Right now, our plan, as you know, right now we've got seven rigs drilling Springer and four in the Woodford. We plan on increasing the Woodford rig count by up to six. So, we'll have 13 rigs drilling in there. Here, I think probably by October, late October. As far as where does this go after this, as I said, we do have some other projects on the horizon and we'll talk about those at a later date.

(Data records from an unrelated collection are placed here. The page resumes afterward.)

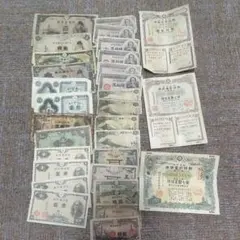 韓国旧紙幣、500ウォン19枚、 100ウォン30枚になります、 - メルカリ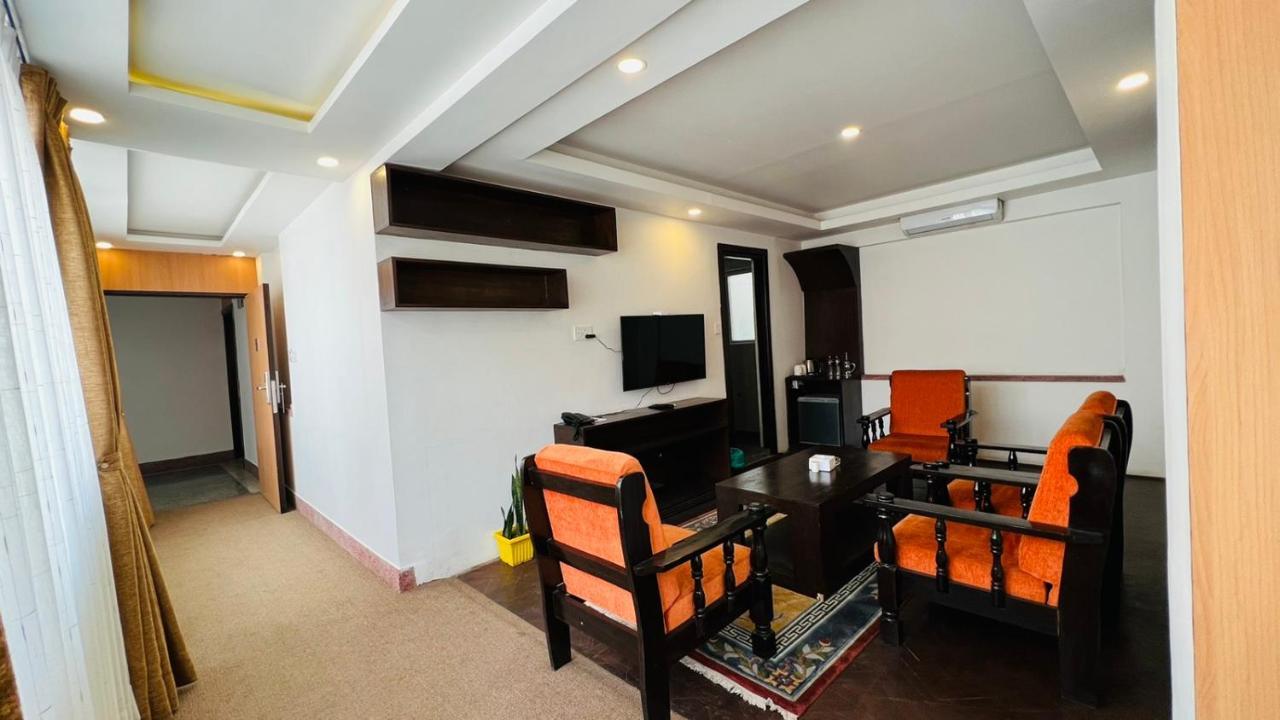 Durbar Hotel & Residence Катманду Экстерьер фото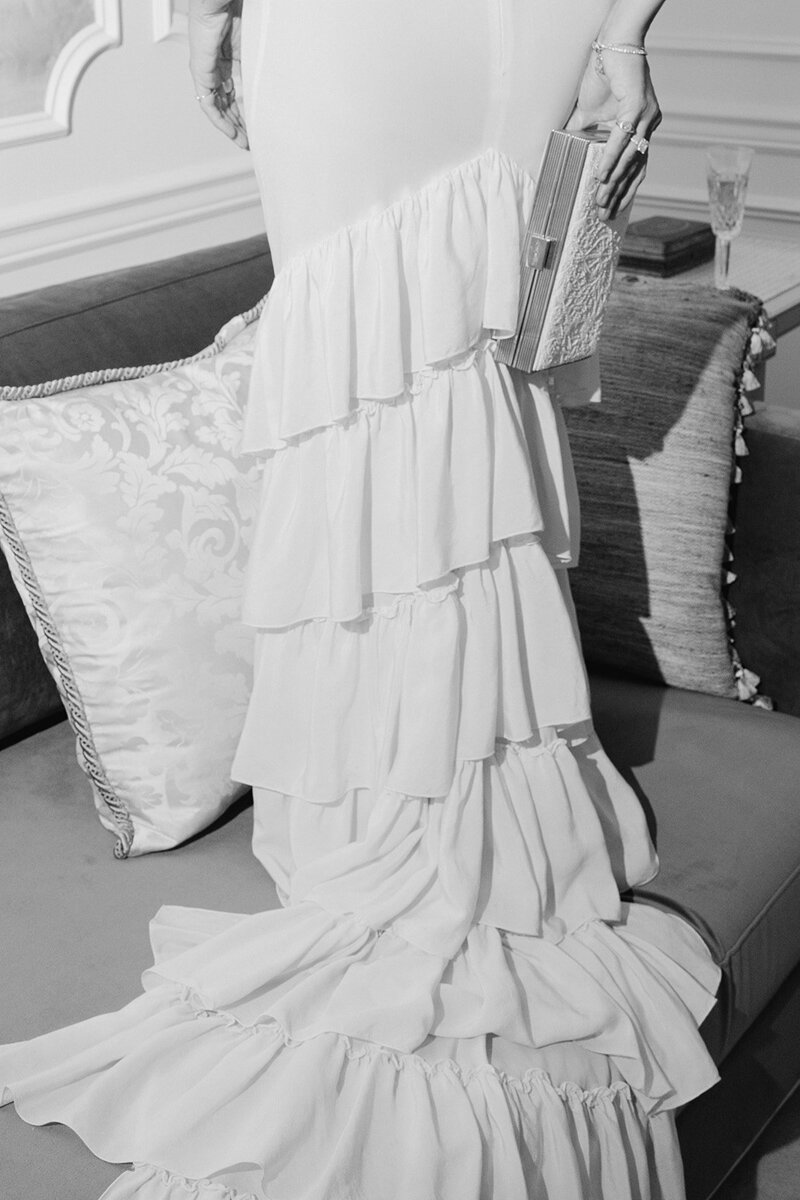 Editorial photoshoot in New York featuring Sara Nicole Vintage and Julbox high-end luxury bridal fashion. Exclusive vintage wedding gown captured in a New York bridal editorial.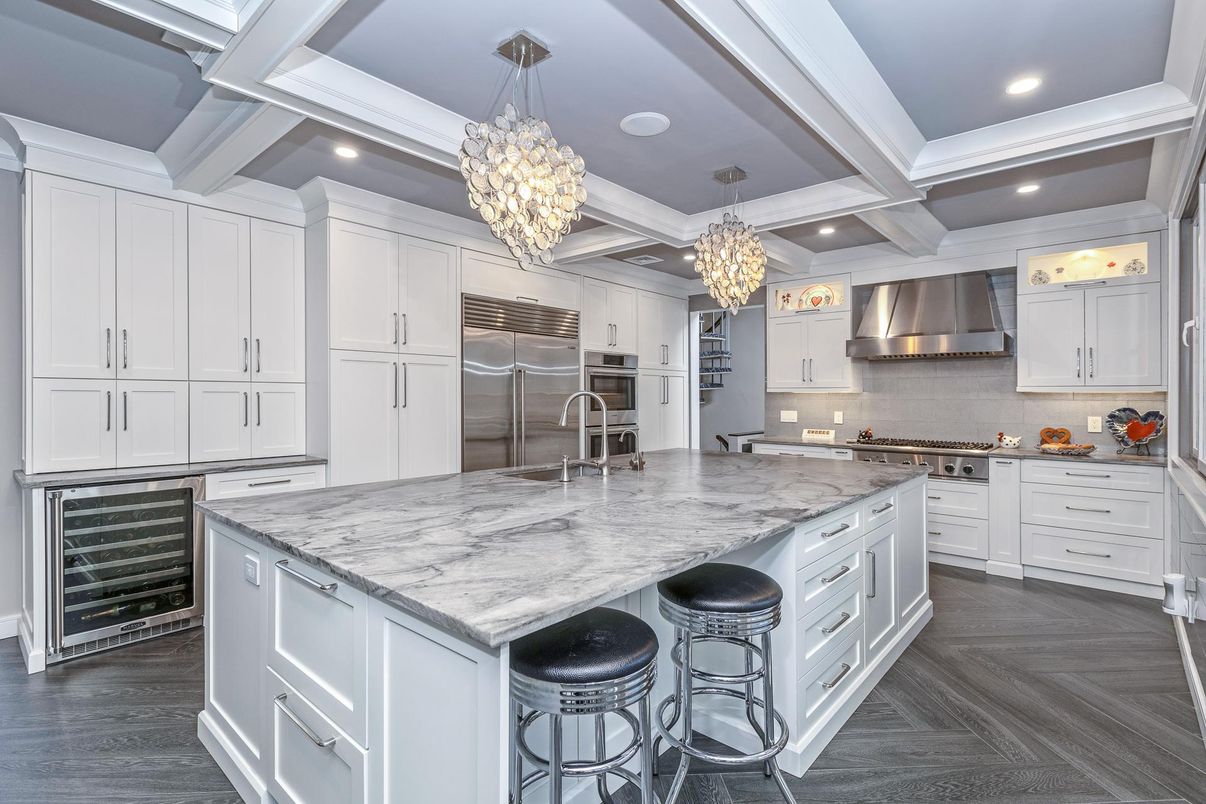 Chandelier, Interior, Kitchen, Pendant Lights, Recessed Lighting, Stainless Steel Appliances, Wood Texture Flooring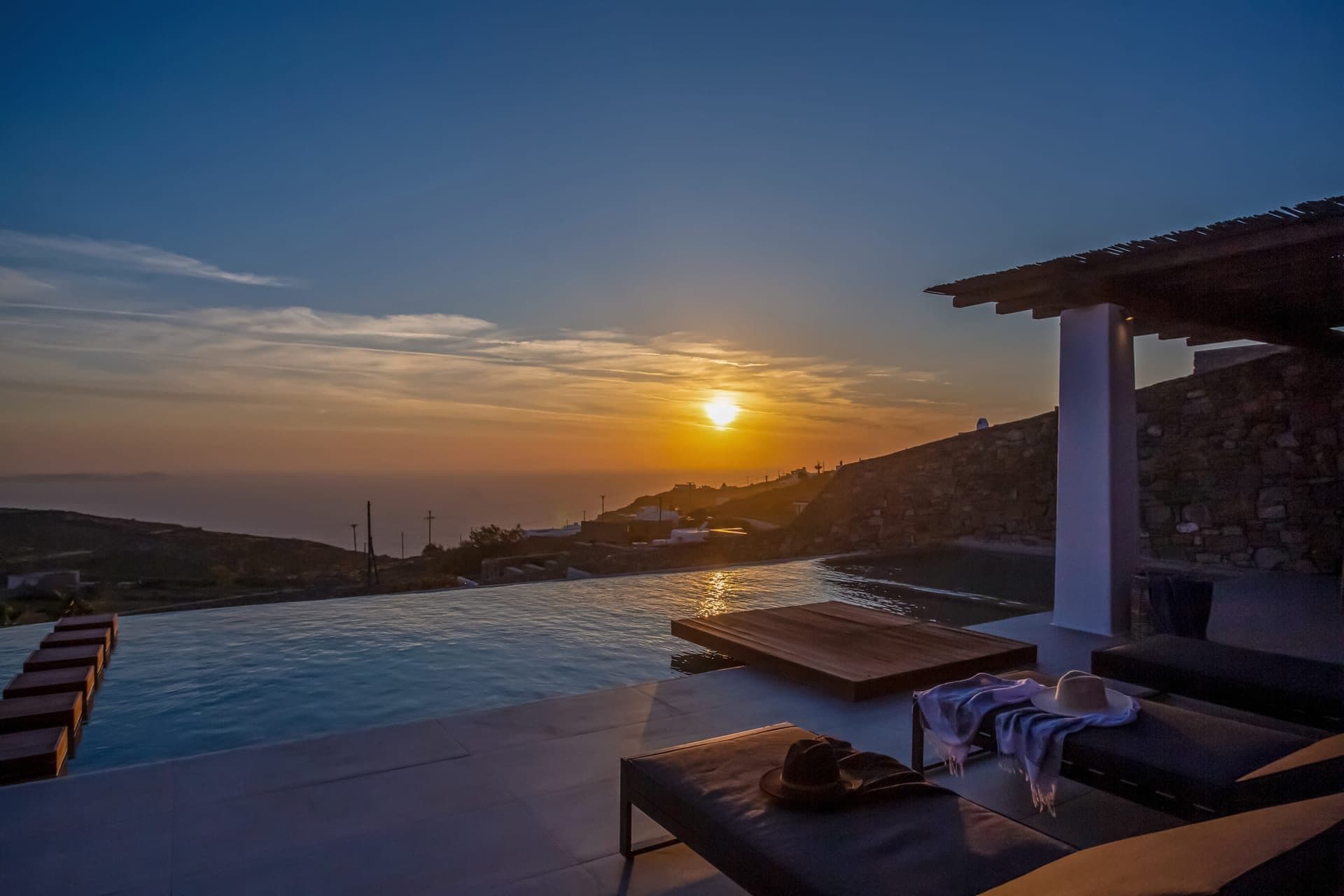 AURA Seaview Sunset Pool Villa - Six Bedrooms, Armenistis Lighthouse – photo 78 of 120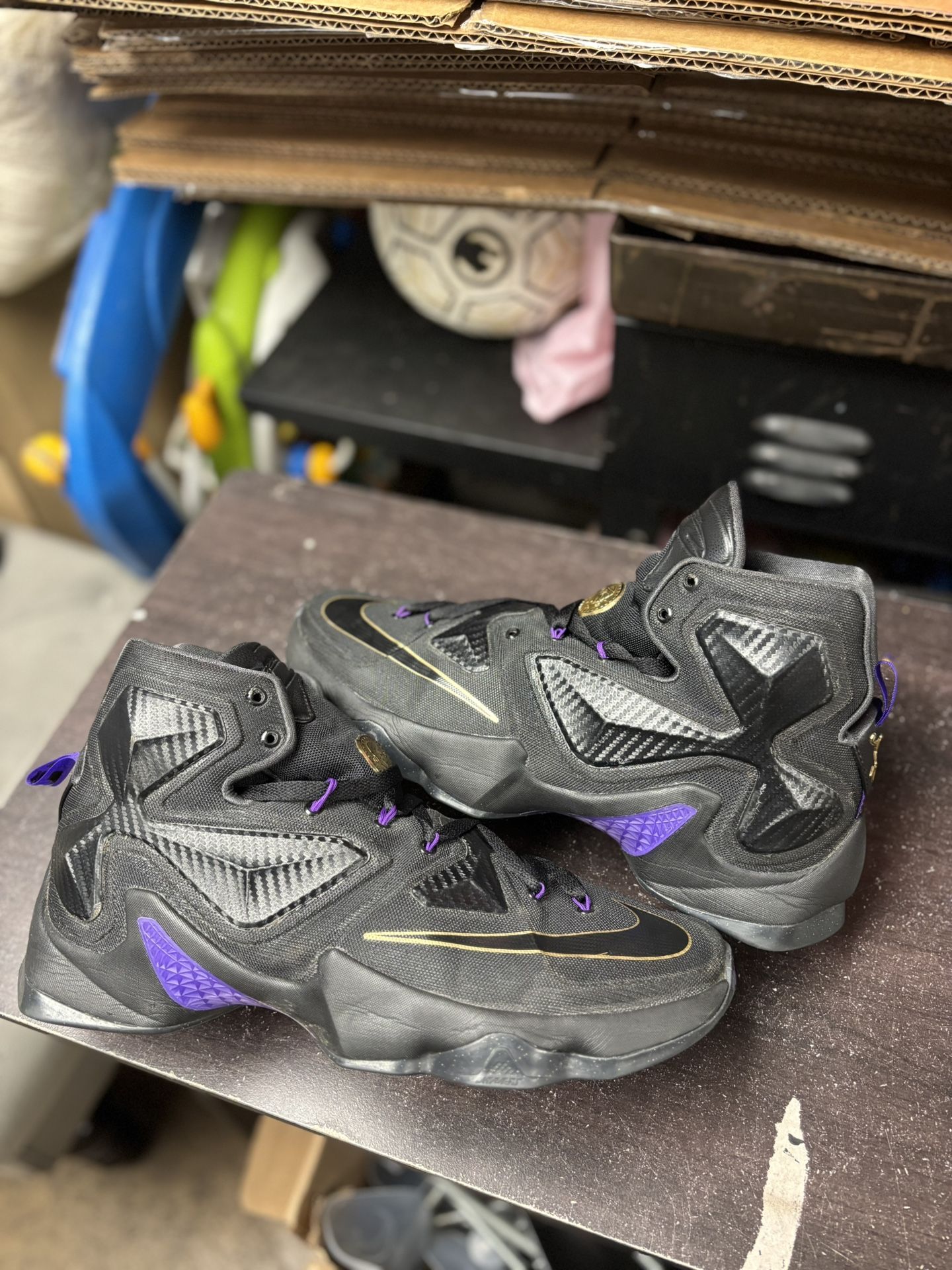 Nike LeBron 13 Pot Of Gold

Brian Corales -- Johnson Rice -- Analyst

Okay. That's helpful. Then just on slide ten of your presentation, the evolution, I guess, and expansion of the Bakken. There's I guess, some wells drilled further up in Williams that I wasn't aware of. Are those anomalies or are those just less active areas? Can you maybe comment on those?

Jack Stark -- President

No, they're not anomalies. You're talking on page ten here, the wells that have been in drilled in 2015 to the Q1 '18?

Brian Corales -- Johnson Rice -- Analyst

Correct.

Jack Stark -- President

What you're seeing there is people continuing to step out from known results using the newer completion stim technologies and continuing to drive these uplifted performances further north. You can see there's a well up there very close to Divide County that is a very interesting well. It is performing in line with the wells that are obviously the Bakken, what we're seeing down south. So, it's very good, very encouraging for us. That's why we say we continue to see our inventory up here just getting uplifted in its performance based on the expanding footprint of the play.

I thought it was really interesting. If you look at the IHS report, they really have highlighted this expanding what they call new fairway for the Bakken and it just dwarfs the original fairway that was on the map.

Brian Corales -- Johnson Rice -- Analyst

Thanks, guys. Very helpful.

Operator

Thank you. Our next question comes from Kashy Harrison with Simmons Piper Jaffray. Your line is now open.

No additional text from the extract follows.